Steve Andrews, BT's group chief of mobility and convergence, says the reasons for the slow takeup are device availability and a complex marketing message: "It's not easy to explain [Fusion] to customers… it's not about cheap minutes."
Here's the value proposition as BT sees it: Fusion offers cheaper calls when you're at home and in range of your WiFi-enabled Home Hub, or within a BT Openzone WiFi hotspot and any of 13 wireless cities in the U.K. It delivers five times faster Internet access on the Home Hub compared to GPRS; and it provides better indoor coverage compared to other mobile services.
"It's not straightforward," says a BT spokesman. "We will be refining the marketing until it hits home with consumers."
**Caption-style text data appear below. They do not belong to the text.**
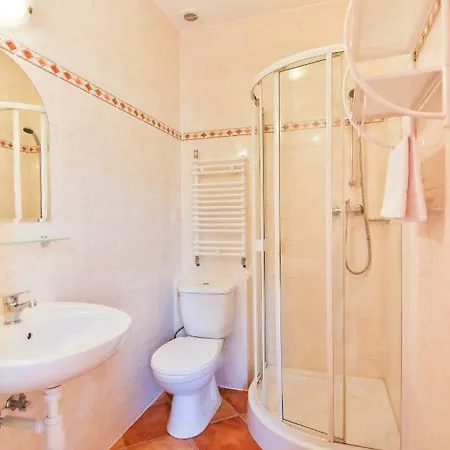 Antares I & Ii シフィノウイシチェ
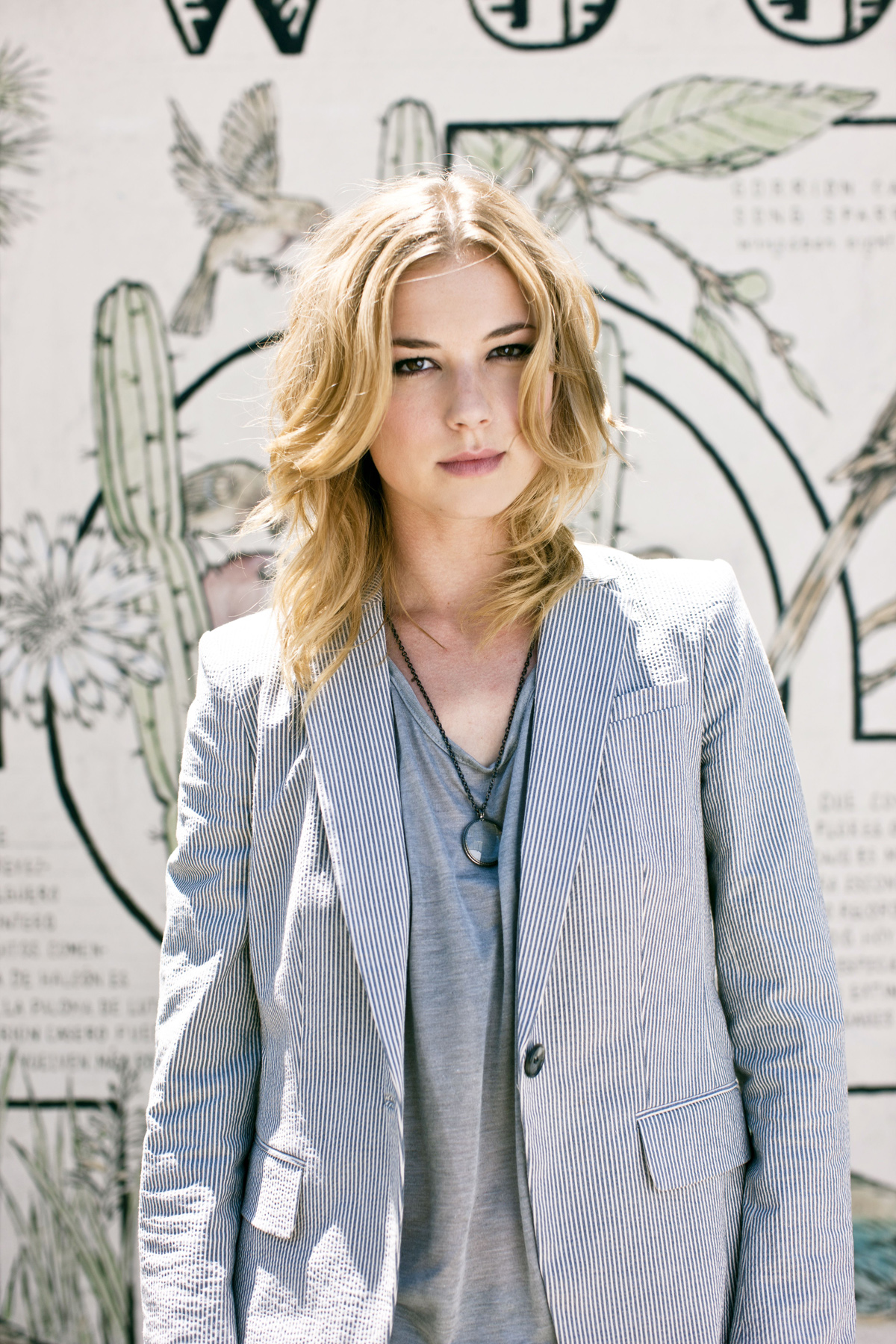 Wallpaper Emily Vancamp Wallpapers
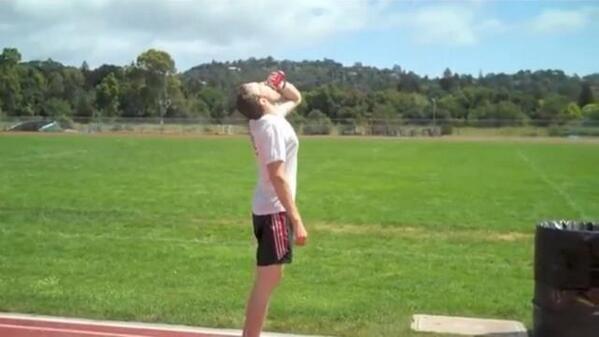 HealthstreamFC's tweet image. Here's what happens when you drink beer while running a mile: bit.ly/1lQj5jf

#fitness #running #beer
BT improved the Fusion service at the beginning of this year by adding WiFi access, three new devices, and simplifying the tariffs. But these changes do not appear to have affected customer takeup. (See BT Adds WiFi to Fusion and BT Adds WiFi Devices.)
"It's difficult to explain to the customer the benefit of an FMC solution because to them it's about cost savings," says Mayur Sahni, senior analyst at Current Analysis . "But FMC is about value-added features, and that's hard to communicate to the consumer."
But complicated marketing messages have not hindered Orange (NYSE: FTE)'s Orange from attracting 125,000 customers in France to its Unik UMA-based FMC service in just six months. France Telecom has a couple of advantages over BT with a larger installed base of home gateways, called Livebox, as well as easier device acquisition because it is also a mobile operator. (See FT vs BT on FMC.)
On the device front, Andrews says BT will introduce 10 new dualmode WiFi/GSM devices in the next three to six months. In addition, BT will start to sell its devices at the U.K. retailer Phones 4U. The operator will also launch a prepaid version of the service.
"We're not happy with the number of customers we've got," says David Hughes, director of wireless broadband at BT, but adds that BT is not considering cancelling the service. (See DT Cancels FMC Service.)
The operator will certainly look to change its Fusion fortunes with new devices, retail distribution, and prepaid offers. In fact, BT says orders have picked up more recently. They are coming in at 1,000 per week, according to a spokesman.
"If the device is right and the packaging is right, then I don't see why [Fusion] won't take off," says Sahni at Current Analysis.